At Bibendum, I always have plenty of long-life produce - store cupboard items really, such as good quality pulses: Puy lentils, chick peas and extra fine dried beans from Spain (some of the best I have ever tasted); also rice for risotti and pilaff. There will be tins of duck gizzards preserved in duck fat (gesiers confit), tins of Spanish peeled peppers (that have been blistered over a wood fire) and bottles of pickled green chillies from the same source. These last two are wonderful chopped up into an impromptu salad with, perhaps, some sliced hard-boiled eggs and anchovy, or mixed into some tabbouleh along with masses of chopped mint, parsley, garlic and lots and lots of lemon juice.

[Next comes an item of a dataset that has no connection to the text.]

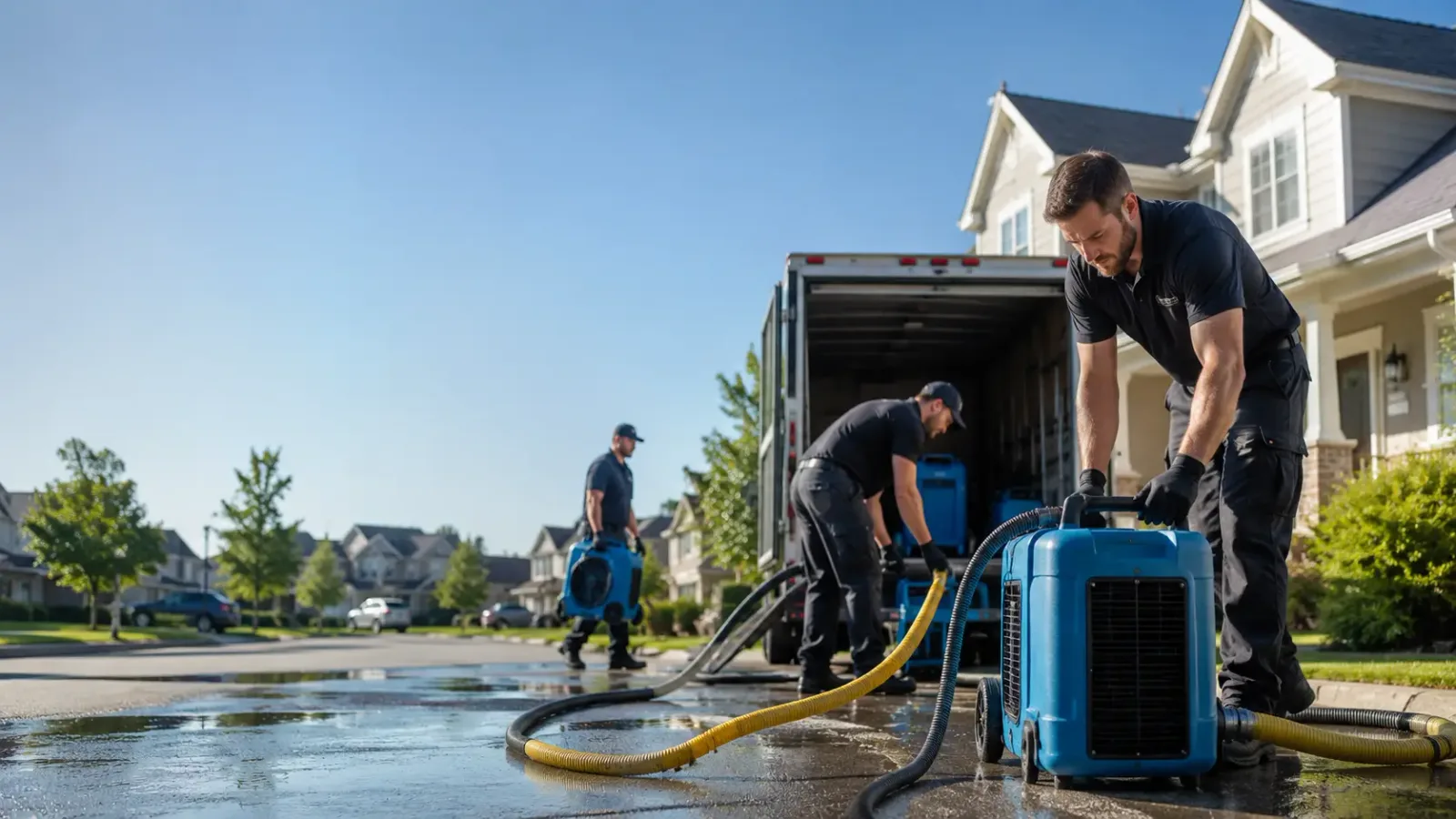 Water Damage Mitigation in Tafton, PA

Smoked products are also very good to have around. They keep well and can be used in myriad preparations: warm salads with haddock and salmon, eel fillets sliced up over hot potatoes and served with fresh horseradish and pickled cucumber. Simple smoked cod's roe cut into thin slivers and eaten with warm, creamy scrambled eggs and buttered toast. And even those dear old kipper fillets. Do you remember that charming little first course that incessantly went the rounds of chic dinner parties during the Seventies? People used to exclaim how it ended up tasting like smoked salmon - "and much cheaper darling!" All it entailed was to buy a packet of two kipper fillets, which you then sliced thinly, marinated in a little lemon juice, with some thyme, sliced onion and black pepper, left to marinate for 24 hours and served with brown bread and butter. No doubt today, a small slick of extra virgin olive oil would be de rigueur.

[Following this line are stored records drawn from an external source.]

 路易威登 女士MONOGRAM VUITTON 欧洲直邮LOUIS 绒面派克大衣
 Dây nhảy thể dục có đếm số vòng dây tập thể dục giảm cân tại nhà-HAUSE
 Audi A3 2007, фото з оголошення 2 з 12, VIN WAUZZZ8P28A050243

You might say that it is extravagant to buy in an excessive amount of provisions when you haven't a clue what you might use them for. But if you cook with flair and use a little imagination, the rest will happily fall into place. Remember, good cooks never waste anything - and you do not need a professional training to be careful and even parsimonious.

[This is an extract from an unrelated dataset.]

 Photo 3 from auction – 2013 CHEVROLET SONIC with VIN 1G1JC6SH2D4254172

Take inexpensive, fresh chicken: those juicy and flavoursome thigh portions are a terrific multi-purpose ingredient and always a cheaper alternative to the ubiquitous breast (wings are even cheaper and provide a good chew). Even if you don't want to use them on the day of purchase, they will keep well in the fridge for at least three days. Or they could be slashed a little with a sharp knife, sprinkled with lemon or lime juice, soy, garlic, dried chilli, ginger, honey and a splash of dry sherry, then left to marinate for a couple of days. These are marvellous barbecued, oven roasted or grilled, until nicely blackened and sticky. And you might like to serve them with a potato salad, pepped up with some fresh coriander and a pinch of toasted cumin seed.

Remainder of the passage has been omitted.